I've also read the arguments about the double standards, wherein Islamic papers, having printed offensive cartoons with Rabbis or priests or clerics from other religions, have no ground on which to criticize papers printing caricatures of the prophet Mohammed. Maybe I've been persuaded by reading the editorials in the Gulf News, and now in The Hindu as well, but I'm not so certain these arguments are convincing. If Catholics had as profound a belief as Muslims with respect to printing pictures of the pope, or Jesus, then I could agree that the Islamic world has a double standard.

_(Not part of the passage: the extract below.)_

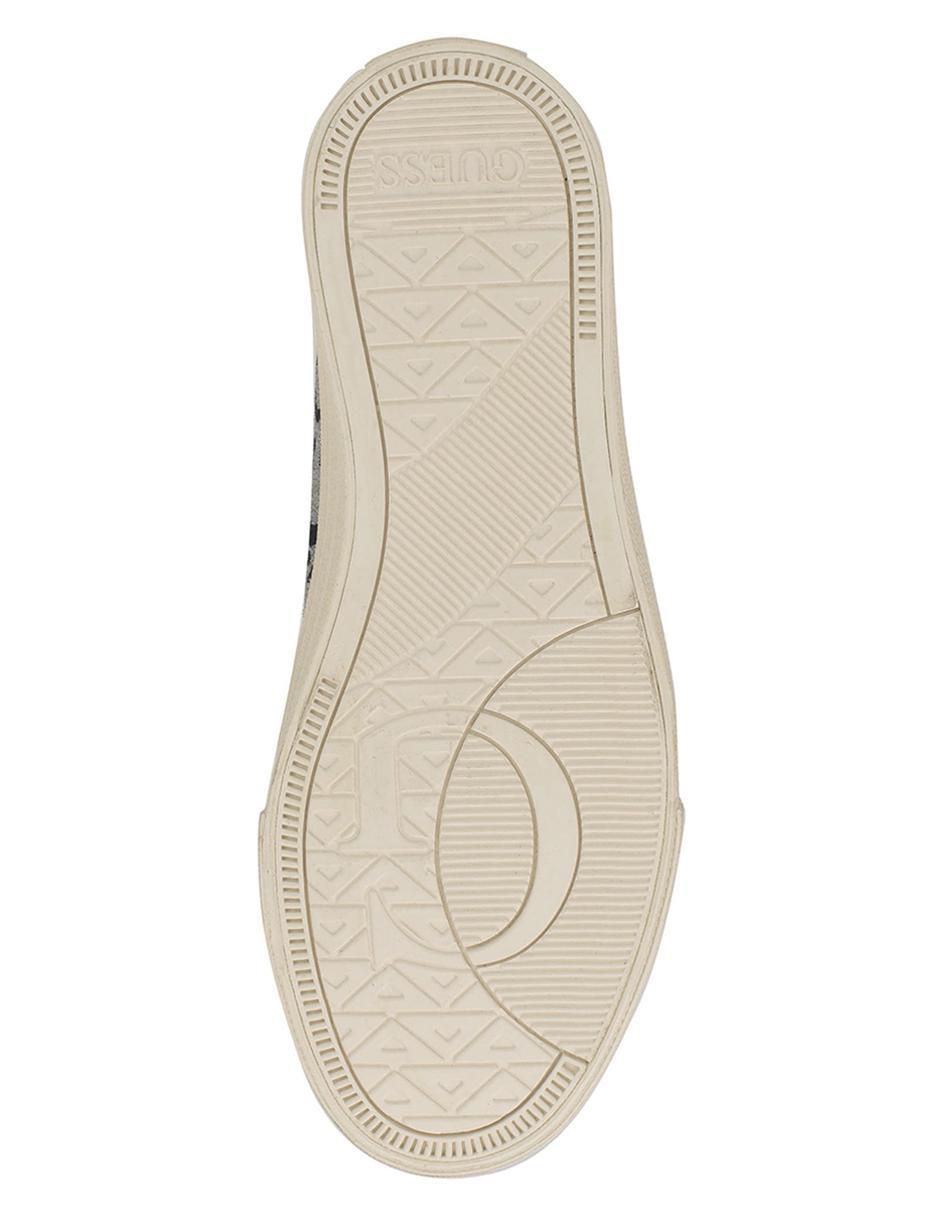Tenis para mujer 4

So on one hand I agree with the response from the Islamic world. It was insulting and inappropriate for papers to run these cartoons. On the other hand, I completely disagree with the nature of the protests that followed. But the nature of the responses, I think, lay bare the state relations between the Islamic and non-Islamic worlds. The west values democratic processes, peaceful civil disobedience, and dialogue (ostensibly, one might argue). We take the absence of these things in the Islamic world as justification for not trying to understand their beliefs and customs, and as justification for abnegating our responsibility to live up to our values by engaging in dialogue. Such dialogue is not possible with Islamic fundamentalists, just as moderates in America find it impossible to have dialogue with Christian fundamentalists, but Islamic fundamentalists make up an extraordinarily small part of the larger (and very large it is) Islamic world. Without any dialogue, Muslims, when outraged, have few outlets. And as we saw in the fall out from the cartoons, not unlike with activists in Seattle in 1999 who were protesting the corporate-led process of globalization, when people have few outlets for strong emotions they boil over in destructive ways.